Targeting the renin–angiotensin system (RAS) constitutes a major advance in the treatment of cardiovascular diseases. Evidence indicates that angiotensin-converting enzyme inhibitors and angiotensin AT1 receptor blockers act on both the RAS and the kallikrein–kinin system (KKS). In addition to the interaction between the RAS and KKS at the level of angiotensin-converting enzyme catalyzing both angiotensin II generation and bradykinin degradation, the RAS and KKS also interact at other levels: 1) prolylcarboxypeptidase, an angiotensin II inactivating enzyme and a prekallikrein activator; 2) kallikrein, a kinin-generating and prorenin-activating enzyme; 3) angiotensin-(1-7) exerts kininlike effects and potentiates the effects of bradykinin; and 4) the angiotensin AT1 receptor forms heterodimers with the bradykinin B2 receptor.

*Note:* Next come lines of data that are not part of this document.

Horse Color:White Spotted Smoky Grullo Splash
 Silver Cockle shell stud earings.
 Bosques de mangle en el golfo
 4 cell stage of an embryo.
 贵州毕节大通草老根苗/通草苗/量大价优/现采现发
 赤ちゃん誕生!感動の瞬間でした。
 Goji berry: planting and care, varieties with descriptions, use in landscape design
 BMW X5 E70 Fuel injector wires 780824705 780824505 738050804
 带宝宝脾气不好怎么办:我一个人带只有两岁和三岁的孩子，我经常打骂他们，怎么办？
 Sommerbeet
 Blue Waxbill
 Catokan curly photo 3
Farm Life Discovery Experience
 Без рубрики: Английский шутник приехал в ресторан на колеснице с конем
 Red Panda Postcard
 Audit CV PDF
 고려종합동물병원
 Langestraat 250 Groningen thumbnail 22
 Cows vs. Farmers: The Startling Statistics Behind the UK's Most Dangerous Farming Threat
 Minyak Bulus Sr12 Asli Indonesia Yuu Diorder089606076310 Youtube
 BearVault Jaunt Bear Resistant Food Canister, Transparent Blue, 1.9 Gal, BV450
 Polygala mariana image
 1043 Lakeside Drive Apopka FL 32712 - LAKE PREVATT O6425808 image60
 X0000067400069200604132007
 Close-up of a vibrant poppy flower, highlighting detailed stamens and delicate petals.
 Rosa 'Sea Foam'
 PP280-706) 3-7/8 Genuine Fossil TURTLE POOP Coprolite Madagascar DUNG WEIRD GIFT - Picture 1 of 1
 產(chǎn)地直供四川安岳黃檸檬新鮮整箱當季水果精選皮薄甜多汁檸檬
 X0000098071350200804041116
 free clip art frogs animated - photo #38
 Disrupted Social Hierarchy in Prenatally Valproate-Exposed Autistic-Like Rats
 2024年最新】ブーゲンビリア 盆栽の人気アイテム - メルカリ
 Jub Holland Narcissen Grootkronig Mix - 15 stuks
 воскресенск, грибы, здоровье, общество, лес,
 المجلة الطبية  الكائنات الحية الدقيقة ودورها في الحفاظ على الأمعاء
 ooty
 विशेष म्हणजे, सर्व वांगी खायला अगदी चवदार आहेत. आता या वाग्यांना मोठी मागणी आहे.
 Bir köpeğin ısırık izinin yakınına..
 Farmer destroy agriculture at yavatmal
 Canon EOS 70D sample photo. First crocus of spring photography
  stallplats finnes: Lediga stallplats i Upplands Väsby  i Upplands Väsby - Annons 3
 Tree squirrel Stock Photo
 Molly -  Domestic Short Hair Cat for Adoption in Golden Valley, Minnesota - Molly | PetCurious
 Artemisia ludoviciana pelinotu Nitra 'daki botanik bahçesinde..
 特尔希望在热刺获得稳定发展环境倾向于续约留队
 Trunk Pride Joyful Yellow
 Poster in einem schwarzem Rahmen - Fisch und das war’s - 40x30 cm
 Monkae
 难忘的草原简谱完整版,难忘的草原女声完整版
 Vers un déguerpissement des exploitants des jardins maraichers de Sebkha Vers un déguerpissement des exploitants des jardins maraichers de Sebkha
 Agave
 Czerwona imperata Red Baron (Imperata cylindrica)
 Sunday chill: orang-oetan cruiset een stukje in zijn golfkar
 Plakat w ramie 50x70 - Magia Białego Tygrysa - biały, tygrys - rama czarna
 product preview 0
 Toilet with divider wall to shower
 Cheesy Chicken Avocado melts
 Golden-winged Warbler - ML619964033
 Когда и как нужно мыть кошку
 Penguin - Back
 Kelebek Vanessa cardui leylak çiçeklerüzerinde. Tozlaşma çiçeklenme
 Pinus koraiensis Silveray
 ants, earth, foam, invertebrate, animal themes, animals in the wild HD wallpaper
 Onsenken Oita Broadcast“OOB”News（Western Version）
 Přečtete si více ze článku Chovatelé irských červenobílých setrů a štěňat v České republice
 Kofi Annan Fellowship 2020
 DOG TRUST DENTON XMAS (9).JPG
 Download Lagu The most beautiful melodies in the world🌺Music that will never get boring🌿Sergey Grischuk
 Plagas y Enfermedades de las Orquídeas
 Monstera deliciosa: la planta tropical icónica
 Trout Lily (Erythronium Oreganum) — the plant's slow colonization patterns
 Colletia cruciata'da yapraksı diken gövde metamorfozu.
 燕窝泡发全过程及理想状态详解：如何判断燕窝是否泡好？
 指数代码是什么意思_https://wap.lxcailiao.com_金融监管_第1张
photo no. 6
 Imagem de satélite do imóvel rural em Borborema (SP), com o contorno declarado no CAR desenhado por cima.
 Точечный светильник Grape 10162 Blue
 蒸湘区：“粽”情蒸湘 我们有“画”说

Moreover, angiotensin II enhances B1 and B2 receptor expression via transcriptional mechanisms. These cross-talks explain why both the RAS and KKS are up-regulated in some circumstances, whereas in other circumstances both systems change in the opposite manner, expressed as an activated RAS and a depressed KKS. As the cross-talks between the RAS and the KKS play an important role in response to different stimuli, taking these cross-talks between the two systems into account may help in the development of drugs targeting the two systems.

Keywords

Angiotensin AT1 receptor blocker angiotensin-converting enzyme inhibitor AT1/B2 heterodimers cardiovascular disease the kallikrein–kinin system the renin–angiotensin system transcriptional regulation

Introduction

The renin–angiotensin system (RAS) is a ubiquitous hormone system. Classically, plasma renin secreted by the kidneys catabolizes the conversion of angiotensinogen released by the liver to angiotensin I, which is subsequently converted to angiotensin II by the angiotensin I-converting enzyme (ACE) localized in the vascular endothelium of different organs, adventitial layers of the aorta and pulmonary artery, cardiac valve leaflets and epithelial cells of the renal proximal tubules.^1–3 In addition, angiotensins are generated not only in the plasma but also locally in tissues from precursors and substrates either locally expressed or imported from the circulation.^4,5 The RAS is complicated by the existence of two types of ACE (ACE and ACE2) and two types of receptors (AT₁ and AT₂). Most of the known cardiovascular effects induced by angiotensin II (e.g. vasoconstriction, water and salt retention, aldosterone synthesis and release, growth and remodeling) are mediated via AT₁ receptors.⁶ Experiments in cells and vessels, as well as in vivo studies in rats and mice, including studies in transgenic animals, have shown that AT₂ receptor stimulation counteracts some or all of the abovementioned effects mediated via AT₁ receptors,^7–14 although activation of AT₂ may, in some tissues, result in parallel rather than opposite effects to AT₁ activation.¹⁵ The RAS is one of the most important systems in cardiovascular control and in the pathogenesis of cardiovascular diseases. Targeting the RAS has resulted in the successful development of ACE inhibitors (ACEi), AT₁ blockers, and recently the third generation of renin inhibitors. These drugs are currently used in the treatment of cardiovascular diseases such as hypertension and heart failure, which constitutes a major advance in cardiology.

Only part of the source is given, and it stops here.